When you copy the data, keep every line exactly as written and skip the pictures.
##### COLLECTED MATERIAL #####
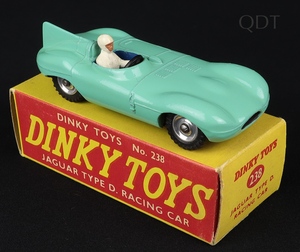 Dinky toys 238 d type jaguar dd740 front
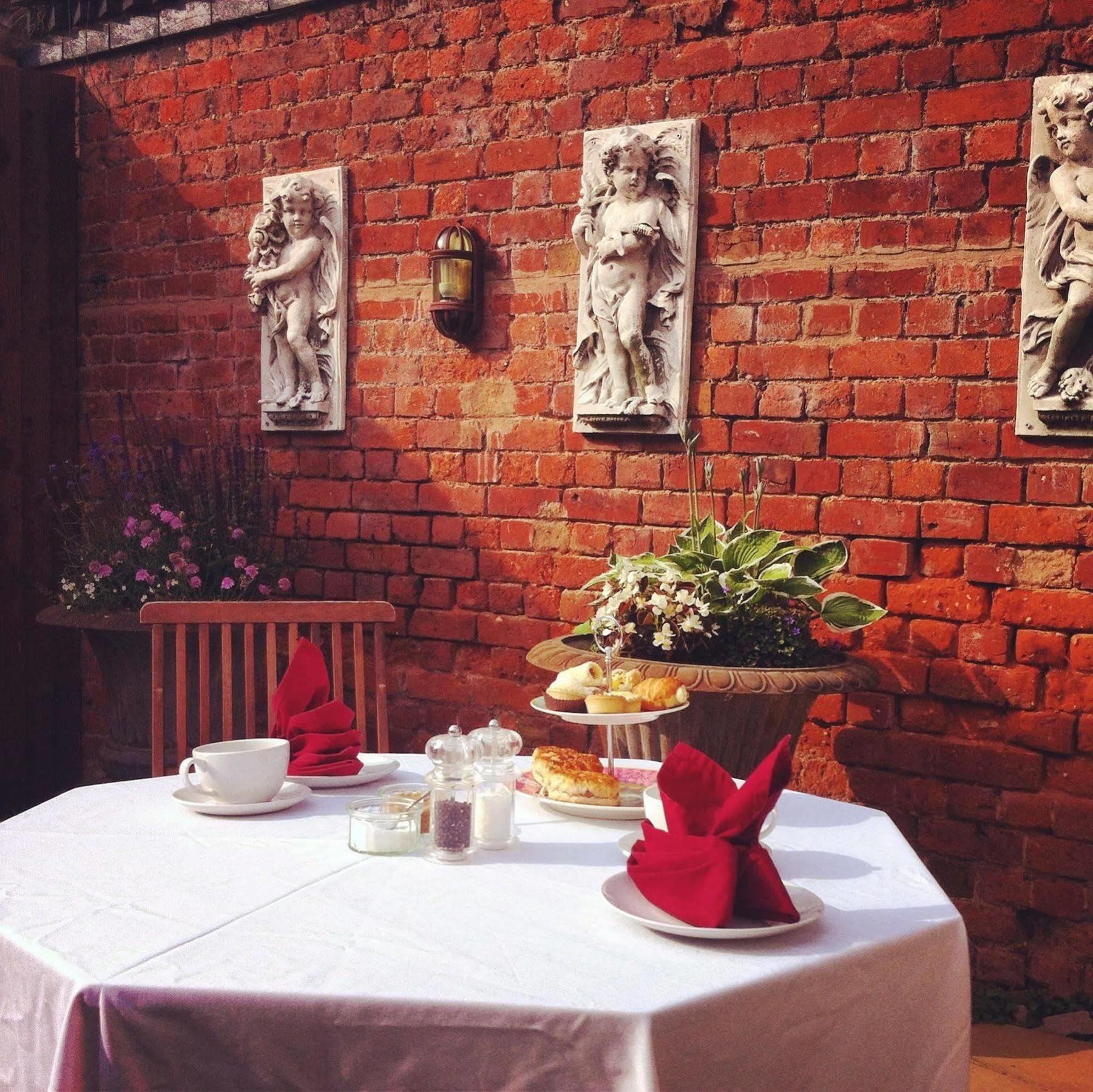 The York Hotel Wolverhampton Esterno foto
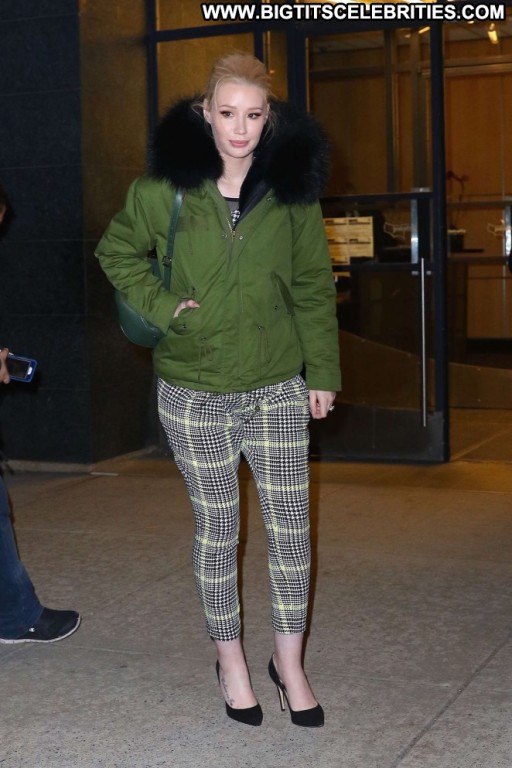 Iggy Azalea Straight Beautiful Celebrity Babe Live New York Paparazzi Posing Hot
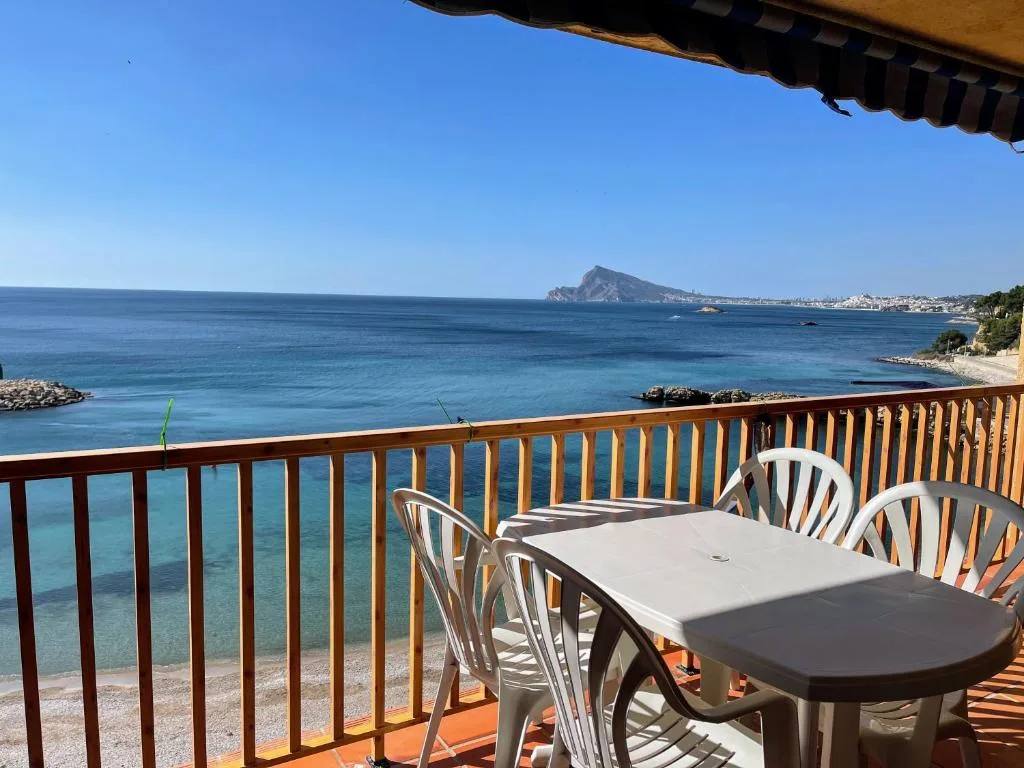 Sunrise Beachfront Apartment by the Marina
#####
YOUR SOLUTION ->
 Dinky toys 238 d type jaguar dd740 front
 The York Hotel Wolverhampton Esterno foto
 Iggy Azalea Straight Beautiful Celebrity Babe Live New York Paparazzi Posing Hot
 Sunrise Beachfront Apartment by the Marina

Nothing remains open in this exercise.